* Exercise
Beginning with the first line, return the material verbatim and without pictures.

* Information supplied

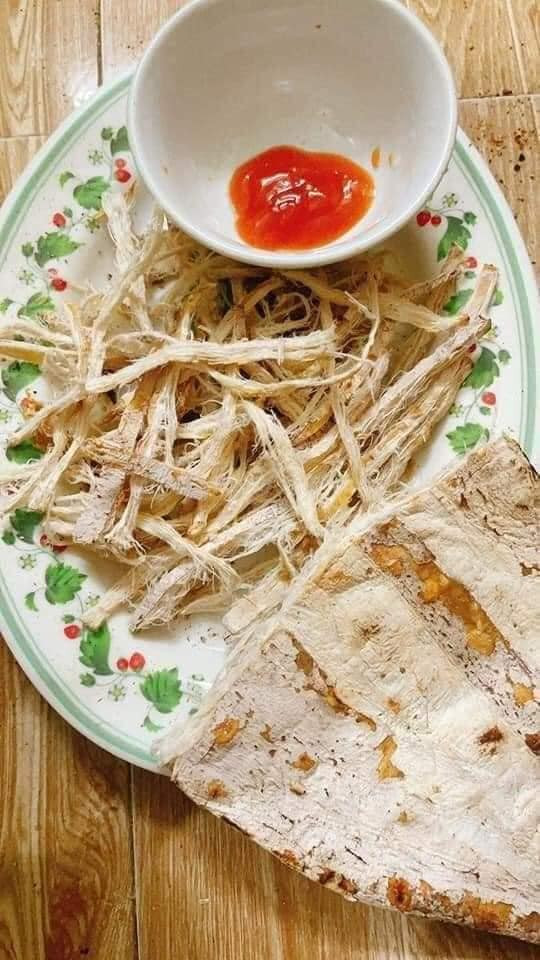 Chị nói: "Đợt này, mùa bóng đá đang sôi động nên mực khô đắt như tôm tươi phục vụ nhu cầu của người dân vừa thưởng thức vừa xem bóng đá".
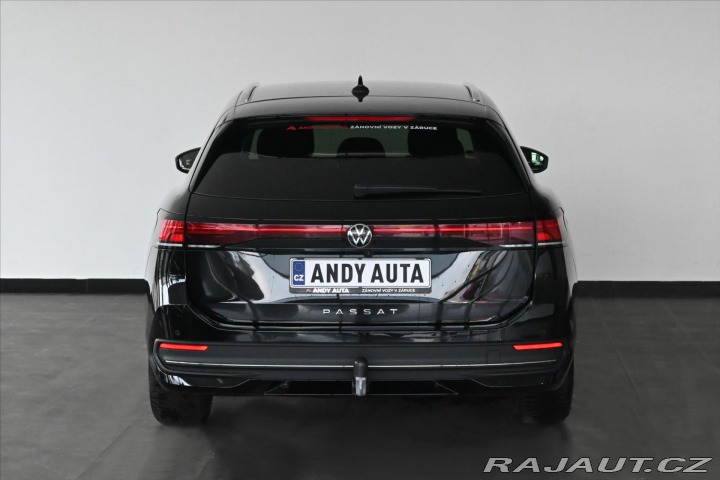 Volkswagen Passat 2,0 TDi 110kW DSG Busines 2024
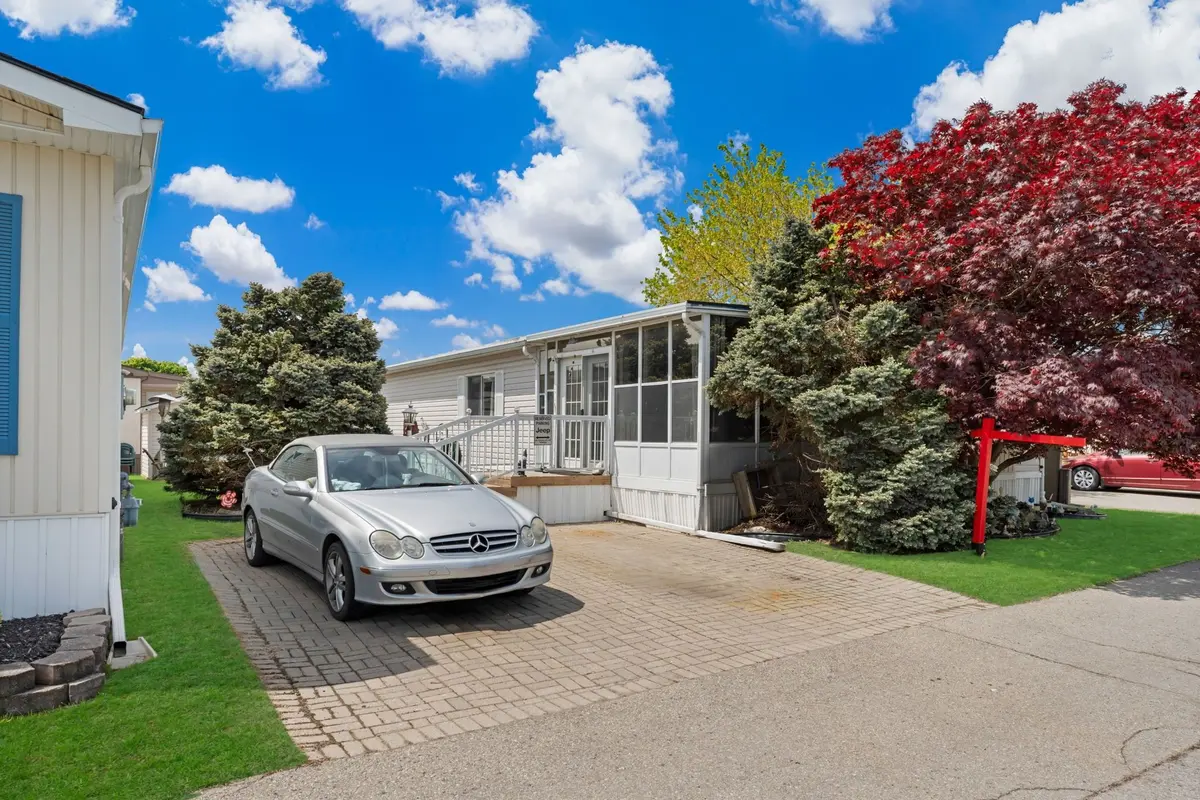 Fort Erie, ON L0S 1S1,3033 TOWNLINE RD #8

* Response below
 Chị nói: "Đợt này, mùa bóng đá đang sôi động nên mực khô đắt như tôm tươi phục vụ nhu cầu của người dân vừa thưởng thức vừa xem bóng đá".
 Volkswagen Passat 2,0 TDi 110kW DSG Busines 2024
 Fort Erie, ON L0S 1S1,3033 TOWNLINE RD #8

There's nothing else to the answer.